Characterizations of topological superconductors: Chern numbers, edge states and Majorana zero modes

TL;DR

This paper investigates the relationship between Chern numbers, edge states, and Majorana zero modes in topological superconductors, revealing mismatches and clarifying their distinct topological features through a checkerboard-lattice model.

Contribution

It demonstrates the non-equivalence of topological invariants and edge states in a 2D superconductor model, highlighting the need for comprehensive characterization methods.

Findings

Multiple topological phases with Chern numbers up to 4 identified.

Mismatch between Chern numbers, edge states, and Majorana modes demonstrated.

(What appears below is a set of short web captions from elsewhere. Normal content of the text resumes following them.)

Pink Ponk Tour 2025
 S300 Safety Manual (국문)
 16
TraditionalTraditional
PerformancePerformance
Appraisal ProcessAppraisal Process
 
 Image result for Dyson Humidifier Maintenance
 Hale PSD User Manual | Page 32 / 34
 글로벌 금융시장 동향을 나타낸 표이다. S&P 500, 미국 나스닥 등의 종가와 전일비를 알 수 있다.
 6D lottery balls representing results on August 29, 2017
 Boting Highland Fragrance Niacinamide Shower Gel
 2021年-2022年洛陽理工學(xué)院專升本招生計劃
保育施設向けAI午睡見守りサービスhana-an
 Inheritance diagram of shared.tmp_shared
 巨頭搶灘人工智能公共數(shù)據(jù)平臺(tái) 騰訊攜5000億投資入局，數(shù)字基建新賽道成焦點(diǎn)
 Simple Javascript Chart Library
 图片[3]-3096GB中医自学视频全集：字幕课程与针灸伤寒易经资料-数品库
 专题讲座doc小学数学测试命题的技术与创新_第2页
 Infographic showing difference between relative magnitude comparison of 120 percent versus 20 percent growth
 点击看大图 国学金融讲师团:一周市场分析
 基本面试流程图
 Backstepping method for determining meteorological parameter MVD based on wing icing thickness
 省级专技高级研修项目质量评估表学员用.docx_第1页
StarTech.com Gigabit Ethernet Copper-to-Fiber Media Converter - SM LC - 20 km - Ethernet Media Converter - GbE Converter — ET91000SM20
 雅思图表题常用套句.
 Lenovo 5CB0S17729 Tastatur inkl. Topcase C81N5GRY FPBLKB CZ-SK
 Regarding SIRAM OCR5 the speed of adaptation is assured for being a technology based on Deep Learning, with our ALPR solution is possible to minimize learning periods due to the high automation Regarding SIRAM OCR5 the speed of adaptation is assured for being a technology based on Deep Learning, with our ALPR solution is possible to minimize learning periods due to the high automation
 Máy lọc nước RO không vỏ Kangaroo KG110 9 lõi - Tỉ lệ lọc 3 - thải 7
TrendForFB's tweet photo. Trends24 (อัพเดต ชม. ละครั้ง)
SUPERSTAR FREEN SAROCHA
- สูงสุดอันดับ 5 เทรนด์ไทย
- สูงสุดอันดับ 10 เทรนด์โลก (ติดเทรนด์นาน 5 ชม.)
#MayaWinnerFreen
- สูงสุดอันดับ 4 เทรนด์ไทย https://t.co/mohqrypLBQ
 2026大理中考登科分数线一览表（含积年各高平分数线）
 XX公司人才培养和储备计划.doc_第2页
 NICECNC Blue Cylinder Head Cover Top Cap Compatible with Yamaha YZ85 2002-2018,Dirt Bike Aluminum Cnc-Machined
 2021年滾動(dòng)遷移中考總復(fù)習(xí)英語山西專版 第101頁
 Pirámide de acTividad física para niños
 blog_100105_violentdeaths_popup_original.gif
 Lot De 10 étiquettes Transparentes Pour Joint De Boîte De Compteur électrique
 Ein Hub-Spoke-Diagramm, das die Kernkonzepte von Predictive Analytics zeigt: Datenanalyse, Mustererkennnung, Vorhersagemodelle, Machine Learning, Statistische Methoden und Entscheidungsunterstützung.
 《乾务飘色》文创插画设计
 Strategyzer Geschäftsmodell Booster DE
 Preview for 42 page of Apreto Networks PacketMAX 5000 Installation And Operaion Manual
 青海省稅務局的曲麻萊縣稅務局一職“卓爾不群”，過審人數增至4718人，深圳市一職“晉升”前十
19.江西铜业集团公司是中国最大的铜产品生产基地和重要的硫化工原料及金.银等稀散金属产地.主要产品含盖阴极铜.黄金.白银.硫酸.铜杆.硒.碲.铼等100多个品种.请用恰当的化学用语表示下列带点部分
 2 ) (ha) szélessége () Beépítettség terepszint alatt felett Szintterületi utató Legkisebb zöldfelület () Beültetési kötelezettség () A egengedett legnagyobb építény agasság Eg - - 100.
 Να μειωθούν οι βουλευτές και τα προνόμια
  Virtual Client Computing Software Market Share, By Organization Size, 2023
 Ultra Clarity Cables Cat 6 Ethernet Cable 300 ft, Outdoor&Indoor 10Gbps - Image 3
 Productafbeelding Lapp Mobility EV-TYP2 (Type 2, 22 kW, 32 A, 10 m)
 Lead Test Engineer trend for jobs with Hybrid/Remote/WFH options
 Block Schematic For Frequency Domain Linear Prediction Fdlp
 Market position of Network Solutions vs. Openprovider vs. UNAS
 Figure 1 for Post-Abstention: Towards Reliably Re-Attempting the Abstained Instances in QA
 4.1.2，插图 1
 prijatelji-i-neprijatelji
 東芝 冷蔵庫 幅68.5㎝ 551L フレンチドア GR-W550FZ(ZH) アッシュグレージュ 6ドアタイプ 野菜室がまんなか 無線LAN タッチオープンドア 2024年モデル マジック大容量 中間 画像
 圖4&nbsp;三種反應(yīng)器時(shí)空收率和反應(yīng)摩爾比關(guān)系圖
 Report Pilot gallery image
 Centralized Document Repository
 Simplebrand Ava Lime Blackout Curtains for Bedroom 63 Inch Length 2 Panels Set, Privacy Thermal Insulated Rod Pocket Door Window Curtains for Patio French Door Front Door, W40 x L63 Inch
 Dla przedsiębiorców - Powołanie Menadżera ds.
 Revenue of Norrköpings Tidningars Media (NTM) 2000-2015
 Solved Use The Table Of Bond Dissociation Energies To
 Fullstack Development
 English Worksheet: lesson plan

Edge states inherited from Chern insulators are not always protected.

Abstract

The topological properties in topological superconductors are usually characterized by the bulk Chern numbers, edge-state spectra, and Majorana zero modes. Whether they are equivalent or inequivalent is not well understood. Here, we investigate this issue with focus on a checkerboard-lattice model combining the Chern insulator and chiral $p$-wave superconductivity. Multiple topologically superconducting phases with Chern numbers up to $\mathcal{N}=4$ are produced. We explicitly demonstrate the mismatch between the Chern numbers, edge states and Majorana zero modes in this two-dimensional topological-superconductor model. The intrinsic reason is that some edge states in the superconducting phases inherited from the Chern-insulator phase are not protected by the particle-hole symmetry. We further check the mismatches in vortex states. Our results therefore clarify these different but complementary topological features and suggest that further considerations are required to characterize various topological superconductors.